Immanuel Kant (1724–1804) understood the power and importance of this experience. For Kant, the experience of the sublime is the experience of something formless, something without limit. It is the experience of reason’s ability to understand being completely overwhelmed.5 The design of The Expanse returns to chiaroscuro again and again as a way of tapping into this experience for the viewer. The cinematography attempts to take the inconceivable and represent it artistically.

Consider Holden’s conversation on Earth with his mother in “New Terra.” They sit together by a fire. She gifts him a copy of Don Quixote. During the entire scene, the fire lights the faces of both characters. However, the shot is framed so that the darkness behind each of them is prominent. We are left with the understanding that this conversation is unique and individual but situated in infinite space.

A particularly clever example of this technique is the use of the exterior on Ilus/New Terra (I do not want to take sides in that naming debate!). When you watch the characters move across the landscape, notice what the director has done with the sky on Ilus (ok, I took sides). With few exceptions, the sky is an uninterrupted white—a white that is unbroken and infinite. It is a photonegative of chiaroscuro and produces the same effect. We are pointed back to the fact of infinity.

Kant ruminated on the significance of infinity, and the infinite space of the universe, for the meaning of human life. He understood Pascal’s concerns well. Kant took the measure of human beings situated in infinite space and came up with a different account of its meaning. Where Pascal saw insignificance except for our capacity for belief in God, Kant saw a creature that had the capacity to confront the infinite and immeasurable power of nature and, rather than being overwhelmed by it, find in itself something larger, more profoundly powerful and dignified than all of the power of nature combined.

Kant spoke of two kinds of sublime experiences, the mathematically sublime and the dynamically sublime. In each experience, reason is overwhelmed by something so enormous and formless that it cannot be conceptualized. This experience of having our reason overwhelmed throws us into a new understanding of ourselves.
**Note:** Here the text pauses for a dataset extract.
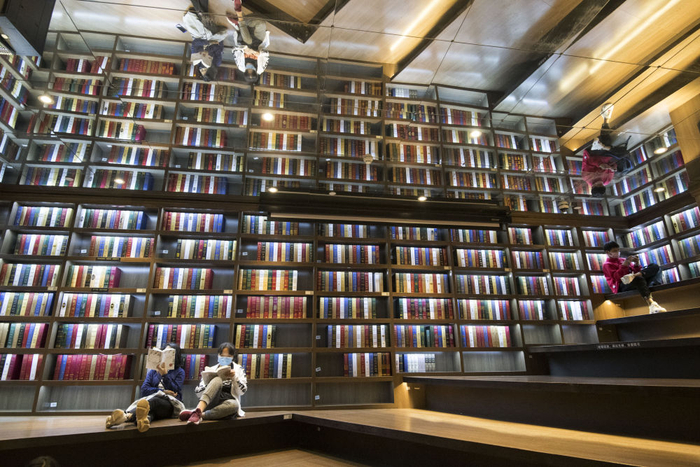 2020年3月21日，在贵州省贵阳市观山湖区一家实体书店内，市民在阅读书籍。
For Kant, the mathematically sublime experience is an experience of reason being overwhelmed in the presence of something infinite in size. You lie on your back looking up at the night sky, seeing the infinite space and uncountable number of stars; the mind spins and cannot grasp what it is experiencing. We feel wonder and awe—that is the mathematically sublime. Taking a spacewalk outside the Rocinante is mathematically sublime. The view of the Behemoth, as its own massive size is dwarfed by the infinity around it, is mathematically sublime. The battlefield of the UN Marines and the MCRN Marines against the first protomolecule hybrids on the surface of Ganymede is mathematically sublime set as it is, without an atmosphere, against an infinite sky. A sublime setting in which to die, but of course, Bobbie Draper refuses to go gently into that good night—you get the idea.